Les défauts de la mémoire sont comblés par le dossier judiciaire et les défauts du dossier judiciaire le sont par l’imagination de l’auteur, qui s’embarque à partir des fragments de vérité dans le récit de l’action. La narration procède par ellipses. À une scène de procès succède une scène d’action : c’est le théâtre judiciaire mêlé au théâtre de la vie. Ici, pas de genre déterminé, tout est tragique, tout est comique. Immersion dans le quotidien de vies banales. Étincelle, succession d’événements, les faits s’enchaînent avec une simplicité déconcertante, presque naturelle. Des hommes oisifs, insatisfaits de leur quotidien, cherchent le grand frisson dans la poudre blanche et raclent les bas-fonds de leur région pour y dégoter quelque plaisir charnel auprès de filles paumées, à tout prix. Mus par leurs désirs égoïstes, inconséquents et immoraux, ils se perdent dans une cavalcade où les paradis artificiels viennent brouiller la conscience et permettent la folie meurtrière, à moins que cette folie précède l’ivresse.
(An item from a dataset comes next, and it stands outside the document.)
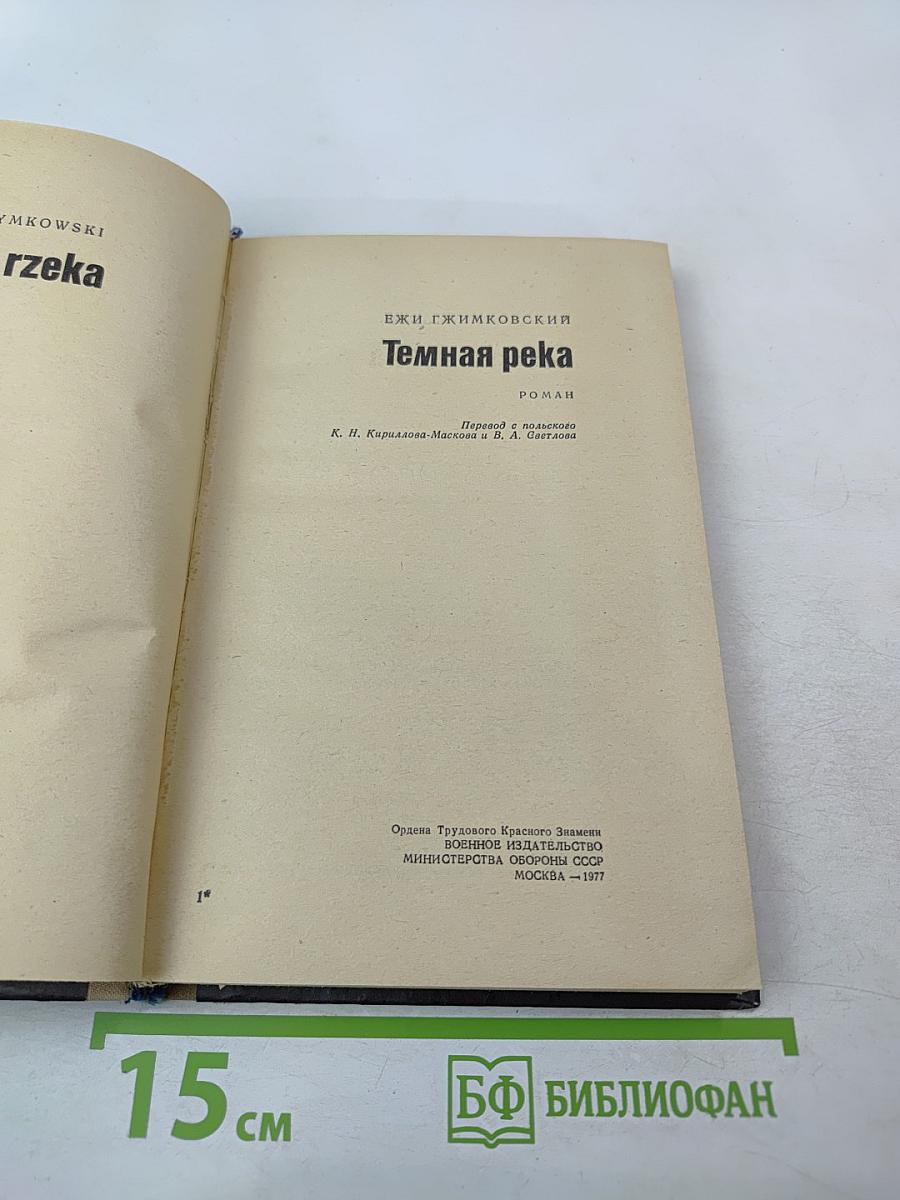 Темная река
Cette folie ne touche pas à la santé mentale, mais bien à l’effondrement de toute barrière morale. Comment des hommes peuvent-ils commettre de tels faits, sans être les « monstres » que les gazettes grandiloquentes dépeignent en lettres grasses sur papier glacé ? Pour le comprendre, il faut aller derrière les gros titres et s’attacher à la nuance. Monsieur Ron, Monsieur Ka et Monsieur Petit ne sont pas Landru ou Fourniret, des sadiques irrécupérables, mais des individus qui ont dérapé très loin ; ils ont commis l’horreur, mais sont votre voisin, « toujours poli, qui tient la porte aux dames ». Ils portent en eux une part d’humanité et la société porte en elle cette part de « monstruosité » qui s’étale, en audience publique, devant les consciences. Ce décalage entre la normalité et la gravité extrême du crime ne peut être expliqué rationnellement, avec des outils et des concepts ; il doit alors être raconté, sous toutes ses formes et sans tabou, par les voix multiples qui ont commis le crime. Raconter un procès d’assises, c’est écrire un texte polyphonique sur le cheminement criminel, accepter le doute et admettre que tout ne peut être expliqué.
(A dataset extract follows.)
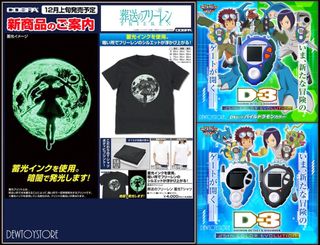 Digimon shirt For Sale | Toys & Collectibles | Carousell Singapore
Il faut alors restituer minutieusement chaque instant de l’histoire pour déceler le glissement meurtrier, là où tout bascule, et c’est précisément la mission d’un procès d’assises. Tout doit être dit, sans aucune omission. Un procès d’assises ne se pare pas de la langue juridique ; c’est un parler ordinaire qui tente de raconter la banalité du mal. Les mots viennent comme ils peuvent, spontanés et souvent maladroits. L’humain est la priorité du roman, pas la procédure, c’est pourquoi le lourd protocole du procès criminel est gommé, les nombreux témoins et experts qui, tout le temps, se succèdent à la barre ne sont pas évoqués à l’exception de ceux dont l’auteur a estimé qu’ils servaient son propos. Le procès d’assises est ainsi dégraissé, pour aller à l’os.
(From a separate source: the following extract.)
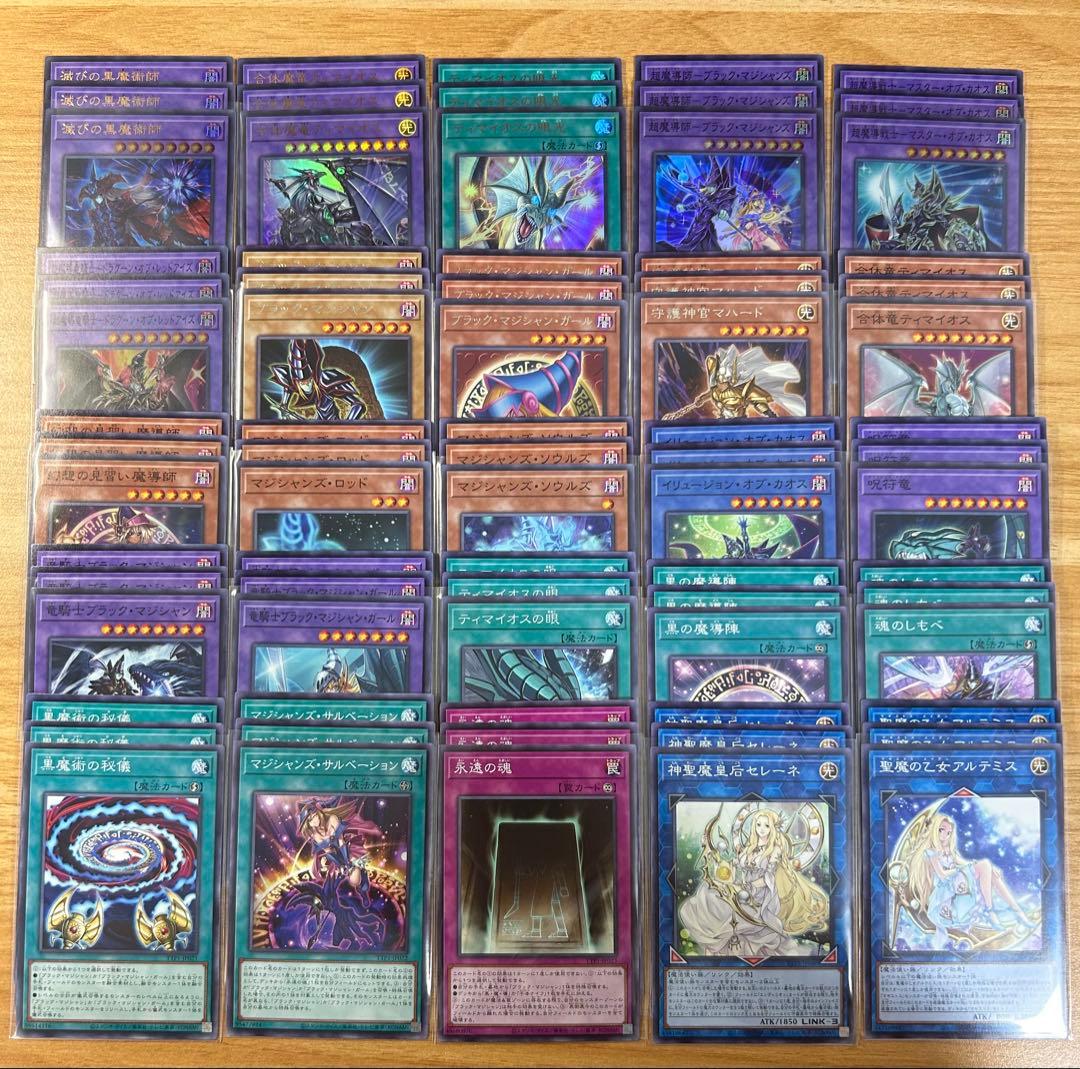 遊戯王 黒魔導 ブラックマジシャン フルコンプ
La double temporalité du roman – le temps du récit, le temps du procès – permet au lecteur d’observer « en direct » le regard porté par les accusés sur leurs méfaits, sans que le récit soit mis en pause. La prose de l’auteur virevolte entre les personnages, fixe leurs pensées et réflexions dans une expression fleurie. Au tribunal, où le temps semble arrêté, les détails ordinaires de la vie de palais sont comme des respirations, avant de plonger de nouveau dans la nuit du crime. Un expert vient déposer à la barre, un témoin raconte la scène de crime et le juge, impartial, apprécie. Et toujours, l’agonie de la victime qui plane sur les débats.